> [Problem statement] Print every entry exactly as it appears, but skip the pictures.

> [Material shown]
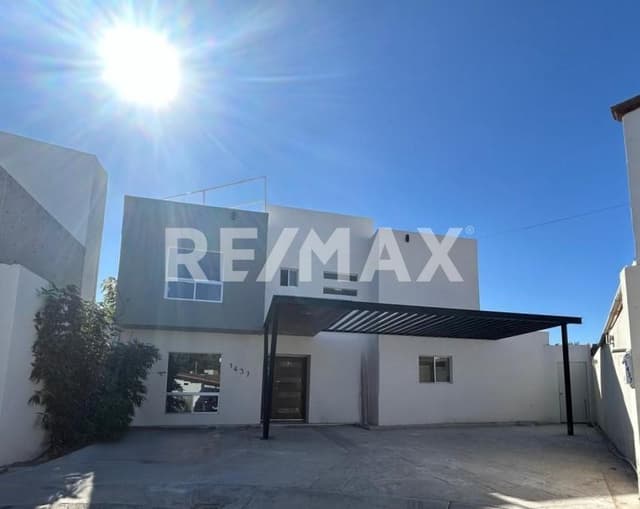 RESIDENCIA REMODELADA EN VENTA  CON RECAMARA PRINCIPAL EN PLANTA BAJA EN COUNTRY RAQUET  CLUB
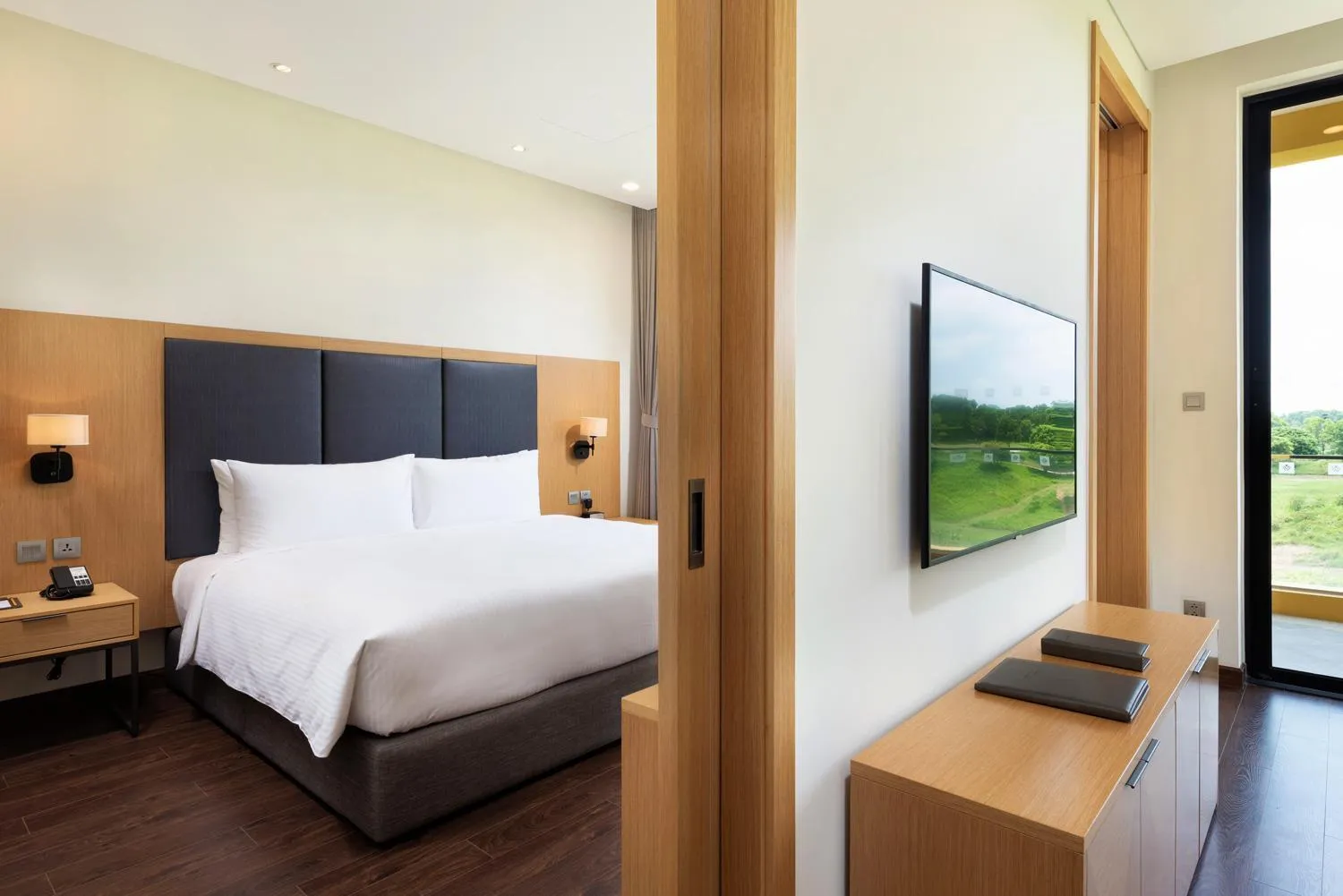 Communal lounge/ TV room, Bed in Wyndham Sky Lake Resort and Villas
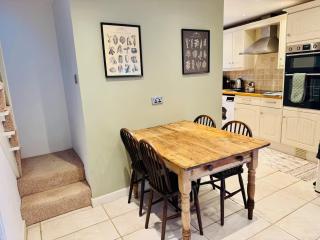 Luxury 2 bedroom cottage overlooking the River Wye - 2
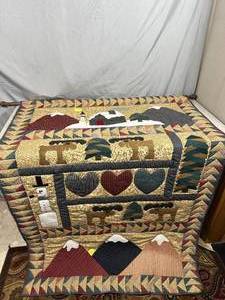 lot 28 image: Hanging Quilt  Wall Quilt  Tapestry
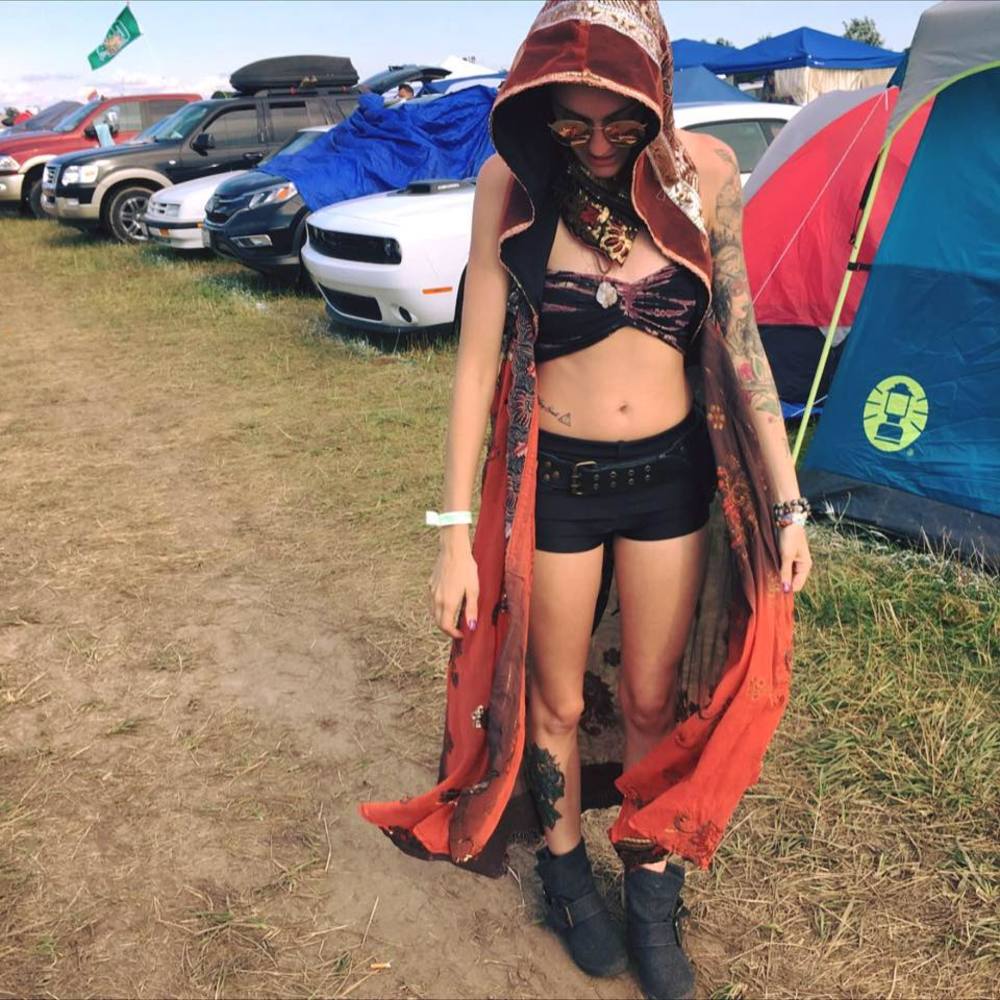 Meet your Posher, Emily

> [Answer area]
 RESIDENCIA REMODELADA EN VENTA  CON RECAMARA PRINCIPAL EN PLANTA BAJA EN COUNTRY RAQUET  CLUB
 Communal lounge/ TV room, Bed in Wyndham Sky Lake Resort and Villas
 Luxury 2 bedroom cottage overlooking the River Wye - 2
 lot 28 image: Hanging Quilt  Wall Quilt  Tapestry
 Meet your Posher, Emily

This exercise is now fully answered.